All good narratives need a point of conflict, and it was in the form of Naoki Sano that Liger found his first buffer on what had otherwise been a dominant introduction to New Japan. The two had fought numerous times as Young Lions, sharing victories though Yamada held the lion’s share of the wins. However, it would be Sano that gave Liger his first in-ring blemish. Following a match that saw a double KO after a Sano back superplex wiped both men out, the challenger used the exact same move to dump Liger on his head en route to winning the IWGP Junior Heavyweight Title in the rematch.
Though the eventual January 1990 clash which is the focus of this article can be enjoyed as a standalone contest, watching the three matches leading up to it (including a Sano title defense in September of 89) really helps to take their war in the Osaka Prefectural Gymnasium to another level. What had begun as a largely amicable competitive rivalry continued to escalate, eventually reaching a boiling point in the feud-ending collision. Each match afforded another level of violence and an additional dollop of hatred, whilst also all including at least one wild spot that threatened to send the whole match off of the rails. Both men were going above and beyond to take the other out, in doing so creating a feud that is must watch, not just a match.

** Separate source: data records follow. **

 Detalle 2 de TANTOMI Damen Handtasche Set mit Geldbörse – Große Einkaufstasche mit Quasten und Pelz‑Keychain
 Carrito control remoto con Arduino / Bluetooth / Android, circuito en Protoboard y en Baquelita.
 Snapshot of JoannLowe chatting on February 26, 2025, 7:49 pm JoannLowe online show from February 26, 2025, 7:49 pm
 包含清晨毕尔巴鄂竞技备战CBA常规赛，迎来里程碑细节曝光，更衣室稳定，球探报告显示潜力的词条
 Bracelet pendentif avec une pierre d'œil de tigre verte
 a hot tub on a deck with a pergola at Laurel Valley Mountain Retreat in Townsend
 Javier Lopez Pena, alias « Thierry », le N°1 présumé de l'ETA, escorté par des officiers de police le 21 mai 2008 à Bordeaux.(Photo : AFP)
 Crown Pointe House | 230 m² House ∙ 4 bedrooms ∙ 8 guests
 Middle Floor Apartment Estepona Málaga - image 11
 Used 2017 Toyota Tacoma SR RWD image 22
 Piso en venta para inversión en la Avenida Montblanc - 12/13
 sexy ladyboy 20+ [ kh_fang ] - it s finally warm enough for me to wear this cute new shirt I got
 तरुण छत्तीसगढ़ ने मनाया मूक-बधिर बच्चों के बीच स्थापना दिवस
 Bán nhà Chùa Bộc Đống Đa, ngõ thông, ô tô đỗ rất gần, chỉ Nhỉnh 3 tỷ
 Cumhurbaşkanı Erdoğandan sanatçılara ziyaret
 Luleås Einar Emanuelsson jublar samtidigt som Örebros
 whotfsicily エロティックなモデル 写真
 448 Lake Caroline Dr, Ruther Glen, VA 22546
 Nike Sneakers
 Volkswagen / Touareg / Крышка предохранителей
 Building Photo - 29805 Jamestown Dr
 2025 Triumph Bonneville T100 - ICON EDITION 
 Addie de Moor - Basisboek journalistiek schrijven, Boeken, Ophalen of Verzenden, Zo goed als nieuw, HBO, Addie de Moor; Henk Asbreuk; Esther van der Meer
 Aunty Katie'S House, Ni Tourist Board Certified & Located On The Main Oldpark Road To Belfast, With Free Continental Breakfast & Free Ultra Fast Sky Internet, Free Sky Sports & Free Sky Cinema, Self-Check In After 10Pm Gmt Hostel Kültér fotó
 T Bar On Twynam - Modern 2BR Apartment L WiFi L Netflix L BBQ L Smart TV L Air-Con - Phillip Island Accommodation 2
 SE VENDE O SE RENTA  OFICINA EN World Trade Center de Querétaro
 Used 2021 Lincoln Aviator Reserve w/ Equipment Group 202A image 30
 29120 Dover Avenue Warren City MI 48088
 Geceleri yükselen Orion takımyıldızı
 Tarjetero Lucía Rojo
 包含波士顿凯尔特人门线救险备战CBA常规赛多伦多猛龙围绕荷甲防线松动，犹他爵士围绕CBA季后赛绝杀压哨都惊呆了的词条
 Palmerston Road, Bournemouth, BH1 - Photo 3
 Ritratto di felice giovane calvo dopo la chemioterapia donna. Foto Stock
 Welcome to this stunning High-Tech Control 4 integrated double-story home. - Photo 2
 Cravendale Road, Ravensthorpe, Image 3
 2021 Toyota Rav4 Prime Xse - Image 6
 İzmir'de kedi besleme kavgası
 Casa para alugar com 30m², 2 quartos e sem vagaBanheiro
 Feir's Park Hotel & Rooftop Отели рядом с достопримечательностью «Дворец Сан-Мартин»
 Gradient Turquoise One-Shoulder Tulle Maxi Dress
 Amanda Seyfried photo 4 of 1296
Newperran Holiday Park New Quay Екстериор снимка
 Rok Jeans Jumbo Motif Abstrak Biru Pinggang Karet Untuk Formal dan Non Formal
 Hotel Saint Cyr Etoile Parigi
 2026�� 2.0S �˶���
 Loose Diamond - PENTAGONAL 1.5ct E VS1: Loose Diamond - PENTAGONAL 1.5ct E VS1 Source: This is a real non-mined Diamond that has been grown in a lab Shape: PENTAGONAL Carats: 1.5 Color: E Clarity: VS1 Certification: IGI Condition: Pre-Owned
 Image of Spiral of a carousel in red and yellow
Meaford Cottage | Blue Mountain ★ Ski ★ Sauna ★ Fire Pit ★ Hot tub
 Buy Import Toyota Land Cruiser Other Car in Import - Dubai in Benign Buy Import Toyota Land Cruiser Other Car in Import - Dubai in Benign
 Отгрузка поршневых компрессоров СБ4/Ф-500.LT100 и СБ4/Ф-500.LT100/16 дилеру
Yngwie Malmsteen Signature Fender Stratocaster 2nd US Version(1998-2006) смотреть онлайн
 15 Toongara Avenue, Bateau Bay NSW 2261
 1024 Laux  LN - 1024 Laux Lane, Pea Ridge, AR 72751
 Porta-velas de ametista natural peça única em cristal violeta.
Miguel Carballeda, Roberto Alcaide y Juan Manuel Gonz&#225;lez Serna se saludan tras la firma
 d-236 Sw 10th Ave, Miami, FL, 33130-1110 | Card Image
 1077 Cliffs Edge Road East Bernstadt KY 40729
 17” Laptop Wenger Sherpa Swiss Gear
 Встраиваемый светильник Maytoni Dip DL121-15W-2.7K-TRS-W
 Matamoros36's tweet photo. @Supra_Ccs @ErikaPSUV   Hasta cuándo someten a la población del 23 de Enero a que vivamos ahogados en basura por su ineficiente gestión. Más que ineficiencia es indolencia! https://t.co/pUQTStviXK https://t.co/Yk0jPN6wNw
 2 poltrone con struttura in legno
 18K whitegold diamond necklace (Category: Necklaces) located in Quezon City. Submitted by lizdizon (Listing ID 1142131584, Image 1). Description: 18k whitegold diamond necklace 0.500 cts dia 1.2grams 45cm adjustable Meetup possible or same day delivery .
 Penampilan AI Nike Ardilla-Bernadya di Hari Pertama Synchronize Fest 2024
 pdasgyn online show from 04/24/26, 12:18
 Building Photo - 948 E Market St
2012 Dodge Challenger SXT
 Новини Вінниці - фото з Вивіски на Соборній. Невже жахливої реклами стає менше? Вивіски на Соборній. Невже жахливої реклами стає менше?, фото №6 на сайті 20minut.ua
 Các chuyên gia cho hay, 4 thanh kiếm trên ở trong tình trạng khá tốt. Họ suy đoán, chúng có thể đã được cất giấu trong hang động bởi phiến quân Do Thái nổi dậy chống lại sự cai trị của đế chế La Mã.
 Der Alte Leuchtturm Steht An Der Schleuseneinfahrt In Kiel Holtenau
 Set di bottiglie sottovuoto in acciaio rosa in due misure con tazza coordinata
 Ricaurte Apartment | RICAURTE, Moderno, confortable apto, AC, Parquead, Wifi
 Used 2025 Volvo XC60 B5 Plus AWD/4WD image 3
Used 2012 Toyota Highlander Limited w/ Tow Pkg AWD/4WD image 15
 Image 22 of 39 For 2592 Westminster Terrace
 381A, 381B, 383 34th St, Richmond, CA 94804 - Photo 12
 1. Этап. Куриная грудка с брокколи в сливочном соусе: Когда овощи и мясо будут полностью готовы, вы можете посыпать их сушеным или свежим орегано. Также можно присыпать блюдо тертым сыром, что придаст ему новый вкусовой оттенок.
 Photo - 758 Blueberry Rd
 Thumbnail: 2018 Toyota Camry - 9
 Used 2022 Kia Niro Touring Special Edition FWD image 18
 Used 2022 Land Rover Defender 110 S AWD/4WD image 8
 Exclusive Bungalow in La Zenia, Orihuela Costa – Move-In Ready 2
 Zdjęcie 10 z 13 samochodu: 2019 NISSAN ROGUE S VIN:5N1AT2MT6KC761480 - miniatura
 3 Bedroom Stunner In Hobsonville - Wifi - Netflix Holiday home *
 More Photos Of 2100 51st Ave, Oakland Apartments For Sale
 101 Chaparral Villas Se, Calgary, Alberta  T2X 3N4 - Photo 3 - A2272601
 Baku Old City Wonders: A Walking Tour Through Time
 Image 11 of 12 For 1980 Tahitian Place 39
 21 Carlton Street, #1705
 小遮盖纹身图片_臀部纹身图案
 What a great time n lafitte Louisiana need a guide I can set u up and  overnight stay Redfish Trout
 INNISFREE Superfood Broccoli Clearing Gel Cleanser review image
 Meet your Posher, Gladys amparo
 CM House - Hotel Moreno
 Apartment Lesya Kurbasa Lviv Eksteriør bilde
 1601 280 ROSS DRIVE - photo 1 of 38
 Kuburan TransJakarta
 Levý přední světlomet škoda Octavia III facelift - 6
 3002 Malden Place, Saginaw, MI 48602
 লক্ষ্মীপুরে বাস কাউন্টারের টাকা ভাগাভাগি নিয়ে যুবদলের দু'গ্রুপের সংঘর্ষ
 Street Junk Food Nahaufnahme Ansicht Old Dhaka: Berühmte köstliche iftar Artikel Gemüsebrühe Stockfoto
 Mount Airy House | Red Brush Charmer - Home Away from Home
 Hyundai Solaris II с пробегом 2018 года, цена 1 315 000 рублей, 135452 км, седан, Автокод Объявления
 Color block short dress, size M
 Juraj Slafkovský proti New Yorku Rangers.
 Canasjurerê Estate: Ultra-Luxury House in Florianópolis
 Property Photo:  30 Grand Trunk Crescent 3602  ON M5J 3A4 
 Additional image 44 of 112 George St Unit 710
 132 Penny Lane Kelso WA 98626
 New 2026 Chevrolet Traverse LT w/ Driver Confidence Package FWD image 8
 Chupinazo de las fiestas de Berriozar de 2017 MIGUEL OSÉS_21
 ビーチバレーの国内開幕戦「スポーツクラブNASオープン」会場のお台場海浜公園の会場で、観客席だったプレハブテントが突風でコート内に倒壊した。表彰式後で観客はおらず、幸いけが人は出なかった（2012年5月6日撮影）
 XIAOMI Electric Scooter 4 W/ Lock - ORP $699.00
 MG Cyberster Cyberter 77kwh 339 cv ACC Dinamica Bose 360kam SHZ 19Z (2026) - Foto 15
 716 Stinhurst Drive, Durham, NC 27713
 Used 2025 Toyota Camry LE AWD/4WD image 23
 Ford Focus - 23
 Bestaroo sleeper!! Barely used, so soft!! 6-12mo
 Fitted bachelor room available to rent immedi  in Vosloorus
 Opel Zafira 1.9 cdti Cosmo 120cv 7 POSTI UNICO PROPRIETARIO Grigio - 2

However, it is the January 31, 1990 match that lives longest in the memory and understandably so. It is the first genuinely great Liger match, a signpost of his capabilities, and a signal of what might have been for Sano had he not left New Japan later that same year. By now bedecked in a refined version of his original suit, Liger had little chance to glory in his new aesthetic as Sano ripped at the mask from the opening minutes. The challenger had set the tone initially when he slapped the champion instead of shaking his hand – Sano chose to make Liger pay.
For as much as this is spoken about in the pantheon of Liger matches, it is mostly all about Sano. He brutalises Liger for long stretches, making the match vastly different to the ones that come before it where neither man tended to dominate. Indeed, it took all of Liger’s reserves to wrestle the championship back. By the end he was bloodied, battered and with the majority of his mask dangling around his neck. A tombstone and a shooting star press were enough for Liger to win in emphatic style, yet he was the man who looked like the match had taken it all out of him by the end.
Great wrestling is great wrestling. It is largely self-evident. Watch this and enjoy two great junior heavyweights beating the tar out of each other in a match that has it all and ranks up there amongst my very favorite of all time. You will not be disappointed.
- Naoki Sano vs. Jushin Thunder Liger – Watch their other matches referenced above.
- Jushin Thunder Liger vs. El Samurai – More mask ripping Liger goodness.
- Pentagon Jr. vs. Vampiro – A brutal mask match from the US TV show Lucha Underground
Iron Sheik vs. Sgt. Slaughter
WWF at MSG
1984 is an interesting year for WWF as a promotion. The company was still at the beginning of Vince McMahon Jr’s ownership and Hulk Hogan won the WWF World Heavyweight Title off of the Iron Sheik before January was out. However, this was not the PPV, Rock and Wrestling, Hulkamania-era that many would come to know (and for a significant majority of them, to love). It was in a transitional period, aiming to make that clear breakaway from the territorial days of yore and become the national power that McMahon has always envisaged.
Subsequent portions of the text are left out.